Home

Rechtbank Noord-Holland, 30-04-2015, ECLI:NL:RBNHO:2015:3501, AWB - 14 _ 2651

Rechtbank Noord-Holland, 30-04-2015, ECLI:NL:RBNHO:2015:3501, AWB - 14 _ 2651

Gegevens

Instantie
Rechtbank Noord-Holland
Datum uitspraak
30 april 2015
Datum publicatie
30 april 2015
ECLI
ECLI:NL:RBNHO:2015:3501
Formele relaties
Zaaknummer
AWB - 14 _ 2651
Relevante informatie
Algemene wet bestuursrecht [Tekst geldig vanaf 01-05-2024 tot 01-08-2024]

Inhoudsindicatie

In een kalenderjaar zijn achtereenvolgens een auto met een 25%-bijtelling en een auto met een 0%-bijtelling door een werkgever aan zijn werknemer ter beschikking gesteld. Eiser heeft gedurende de periode dat hem de auto met een 25% bijtelling ter beschikking was gesteld, een rittenadministratie bijgehouden. De werkgever van eiser heeft in deze periode de bijtelling privégebruik auto op het loon achterwege gelaten. Eiser heeft gedurende de periode dat hem de auto met een 0% bijtelling ter beschikking was gesteld, geen rittenadministratie bijgehouden. Verweerder heeft eiser een naheffingsaanslag loonheffingen opgelegd voor de periode dat hem de auto met een 25% bijtelling ter beschikking was gesteld.

Eiser heeft niet overtuigend aangetoond dat hij met de hem ter beschikking gestelde auto’s op kalenderjaarbasis minder dan 500 kilometer privé heeft gereden. Dat eiser, voor het tijdvak waarin hij de eerste hem ter beschikking gestelde auto een sluitende kilometeradministratie heeft, is daartoe onvoldoende. De grens van 500 kilometer op kalenderjaarbasis wordt niet vastgesteld per personenauto, maar betreft het privégebruik van alle in dat jaar ter beschikking gestelde personenauto's. Een bijtelling van 0% op het loon door de werkgever is niet gelijk te stellen aan het rijden met een eigen auto door de werknemer zonder enige bijtelling. Het opleggen van de aanslag was verder voldoende voorzienbaar en kenbaar voor eiser. De naheffingsaanslag is terecht en naar het juiste bedrag opgelegd.

Uitspraak

Zittingsplaats Haarlem

Bestuursrecht

zaaknummer: HAA 14/2651

en

de inspecteur van de Belastingdienst/Landelijk Coördinatiecentrum Auto, verweerder.

Procesverloop

Verweerder heeft aan eiser over het tijdvak 1 januari 2013 – 5 juli 2013 een naheffingsaanslag Loonheffingen/Zorgverzekeringswet/Werknemersverzekeringen (hierna: de naheffingsaanslag) opgelegd.

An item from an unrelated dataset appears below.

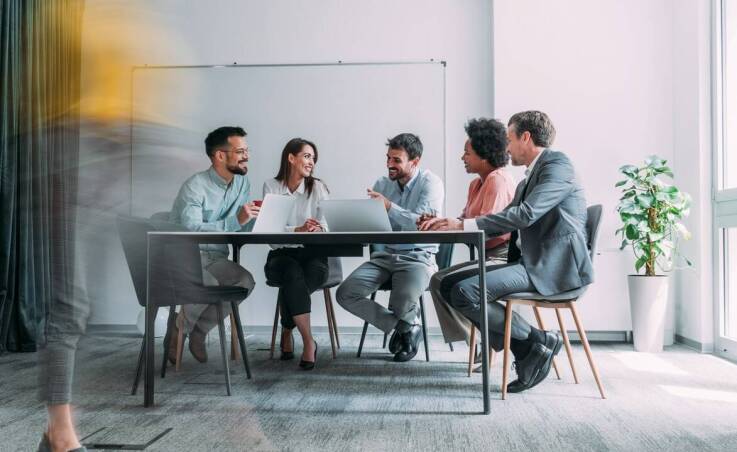 Jakie korzyści płyną z profesjonalnej pomocy prawnej w negocjacjach biznesowych?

Verweerder heeft bij uitspraak op bezwaar de naheffingsaanslag gehandhaafd.

Eiser heeft daartegen beroep ingesteld.

Verweerder heeft een verweerschrift ingediend.

Het onderzoek ter zitting heeft plaatsgevonden op 25 februari 2015. Eiser is verschenen, bijgestaan door [A]. Verweerder heeft zich laten vertegenwoordigen door zijn gemachtigde J.G. Arentsen, bijgestaan door M.D.A. Saathof.

Overwegingen

Feiten

1. Eiser was in 2013 in loondienst bij [A BEDRIJF] te [PLAATS] (hierna: de werkgever).

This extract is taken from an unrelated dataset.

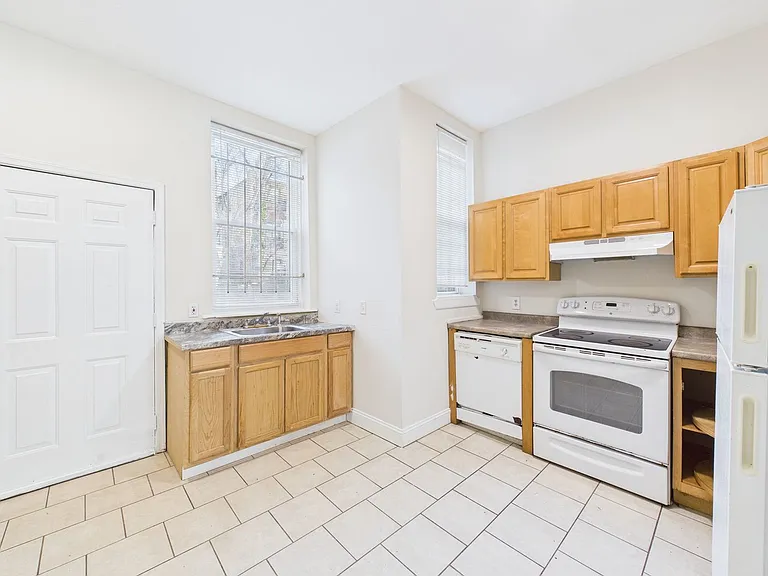 1519 N Bouvier St — Photo 5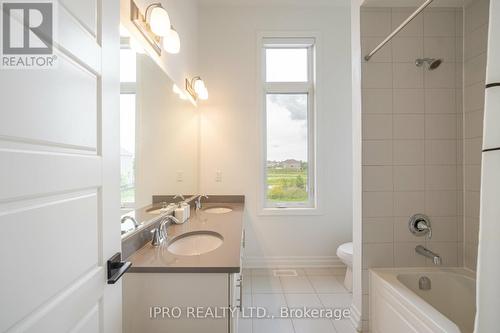 1507 Lakeport Crescent, Oakville, ON - Indoor Photo Showing Bathroom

2. De werkgever heeft eiser in 2013 achtereenvolgens twee auto’s ter beschikking gesteld:

-

in de periode 1 januari 2013 tot en met 5 juli 2013 een [AUTOMERK A], kenteken [KENTEKEN 1], met een cataloguswaarde van € 57.347 (hierna: [AUTOMERK A]);

-

in de periode 29 juli 2013 tot en met 31 december 2013 een [AUTOMERK B], kenteken [KENTEKEN 2], cataloguswaarde € 49.690 (hierna: [AUTOMERK B]). [AUTOMERK B] is een elektrisch aangedreven auto waarvoor de geldende wettelijke bijtelling van 25% van de cataloguswaarde wordt verlaagd met 25% van de cataloguswaarde.

In de periode van 6 juli 2013 tot 29 juli 2013 maakte eiser gebruik van een eigen auto.

3. Eiser was sinds 2009 in het bezit van een “Verklaring geen privégebruik auto” (hierna: de Verklaring).

4. Gedurende de periode van 1 januari 2013 tot en met 5 juli 2013 heeft eiser voor [AUTOMERK A] een rittenadministratie bijgehouden. In deze periode is deze auto niet voor privédoeleinden gebruikt. Eiser heeft voor [AUTOMERK B], in gebruik per 29 juli 2013, geen rittenadministratie bijgehouden.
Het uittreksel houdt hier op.